Miranos v. VOC Steel
In this case the judge granted leave to appeal on a point of law under s.69 of the Arbitration Act and then heard the appeal. He held that the arbitrator had erred in holding that the word "guarantee" in relation to the duration of a time charterparty amounted to a guarantee of a minimum lump sum remuneration, whether any actual damage was suffered by early redelivery or not. On the contrary, this was a case where the ordinary rule for the calculation of damages for early redelivery applied – namely, the difference between the charter rate and the market rate for the vessel for the period of the early redelivery or, if there was no market rate, the normal and direct loss suffered by the owners. The award was remitted to the arbitrator for him to determine damages on these principles
DMC Category Rating: Confirmed
The owners claimed payment of hire at the charter rate for the full 35 days of the guaranteed period.
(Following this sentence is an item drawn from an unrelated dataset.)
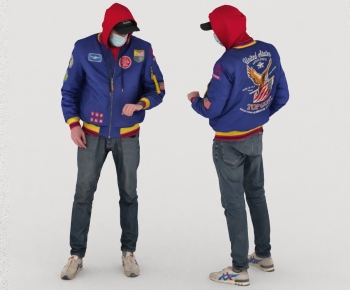 Modern Man-ID:412885901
The charterers agreed to pay only the difference between the charter rate and the vessel's actual earnings for the period of the shortfall. The claim went to arbitration.
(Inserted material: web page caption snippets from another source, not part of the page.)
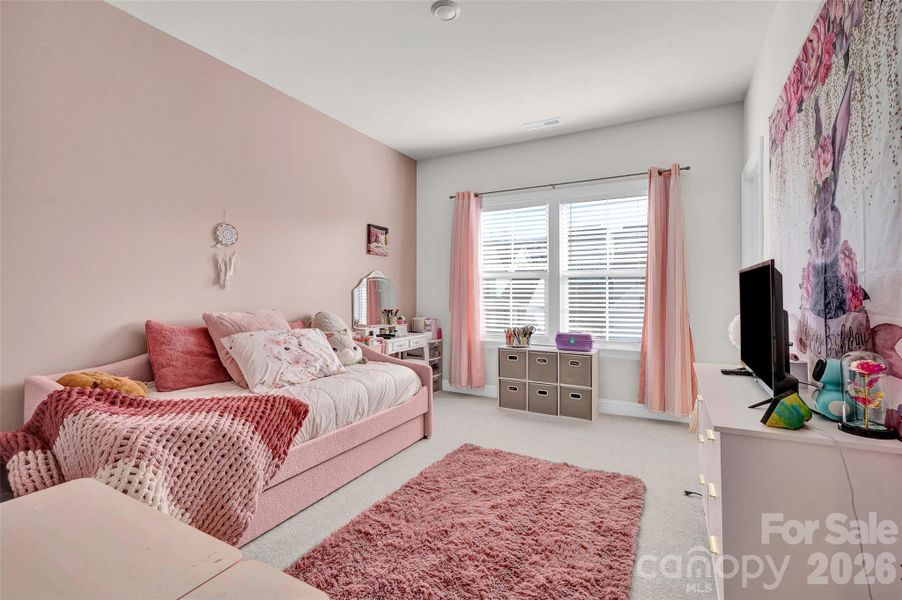 Furnished interior view inside a new home in Legacy at Reid's Cove, Mooresville (Image 12).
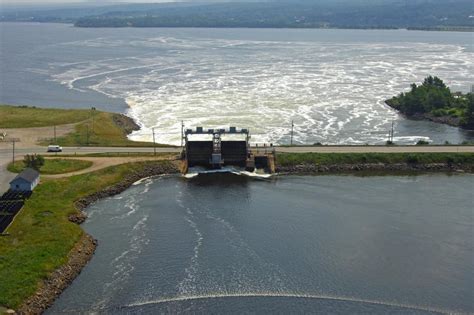 Приливная электростанция: что это такое, принцип работы в мире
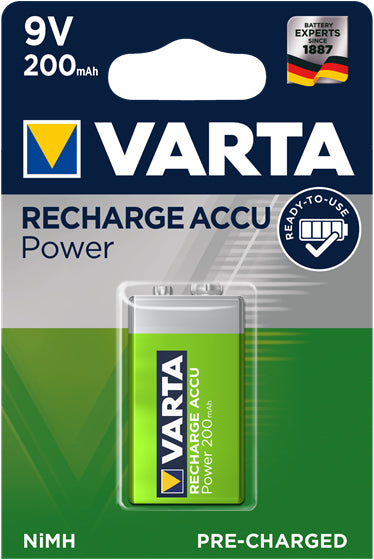 Varta - 56722/1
In his award, the arbitrator considered that the word "guarantee" in relation to duration involved a different obligation from the obligation to re-deliver on a specified day. He held that the guarantee amounted to a guarantee of a minimum lump sum remuneration in respect of the time charter trip, regardless whether or not any actual damage was suffered by reason on the early re-delivery. The voyage which followed was not, he said, taken in mitigation of the early re-delivery because it was going to be performed in any event. Consequently, he awarded in owners’ favour.
In the appeal, owners, as respondents, accepted that they had to give credit for any additional benefits they had enjoyed by reason of the breach, and those benefits might include additional hire they had earned by reason of the breach. Where, however, the innocent party would have earned the sum in question with or without the breach, it could not be said that it had earned that sum by reason of the breach. Thus, if earnings on the subsequent charter were (as here) exactly the same, with or without the breach, no part of those earning could be taken into account in mitigation of damages. The only benefit to owners was that they had received the freight for the subsequent fixture one and a half days earlier than they would have done had the vessel been redelivered on time.
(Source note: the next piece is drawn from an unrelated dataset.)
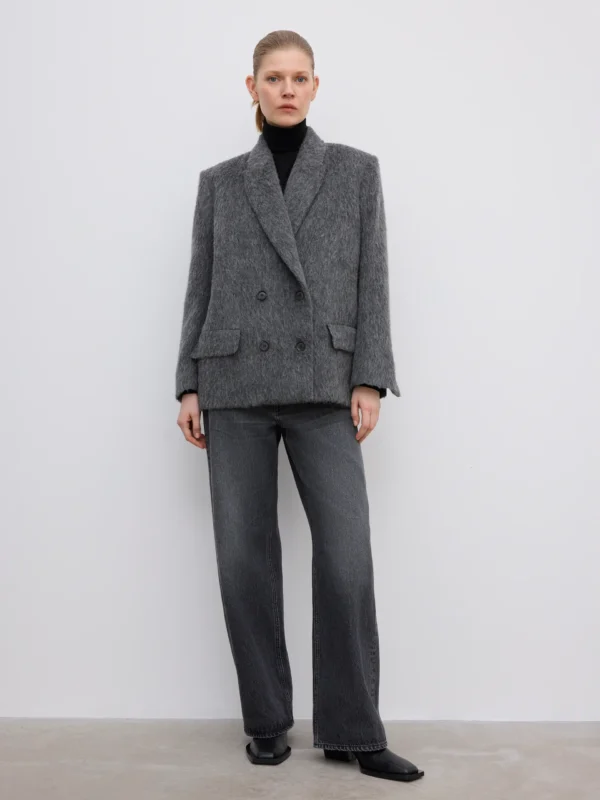 Dagmar - DB Brushed Jacket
The effect of the early re-delivery was to make the vessel available to owners for a period of one and a half days. Not only did the owners earn their money on the next voyage one and a half days earlier than they otherwise would have done, they also had one and a half days more to use the vessel than they otherwise would have done. In such circumstances, the "prima facie measure of damages for early re-delivery is applicable here. The use of the word "guarantee" in the charter was to distinguish it from others where estimates of duration are given…It does not impact in any way on the measure of damages if the obligation is broken". The owners had to give credit for any benefits arising to them. The usual measure of damages for early re-delivery was applicable.
The arbitrator had also misdirected himself on the issue of mitigation, when he had considered that what mattered was whether or not the succeeding voyage had been concluded as a result of the early re-delivery.
The simple equation for measuring damages to which owners were
entitled was the comparison between the charter rate and the available market
rate for the one and a half days or, if there was no market rate the normal and
direct loss the owners suffered. The award was remitted to the arbitrator for
him to make a finding as to the owners’ loss on that basis.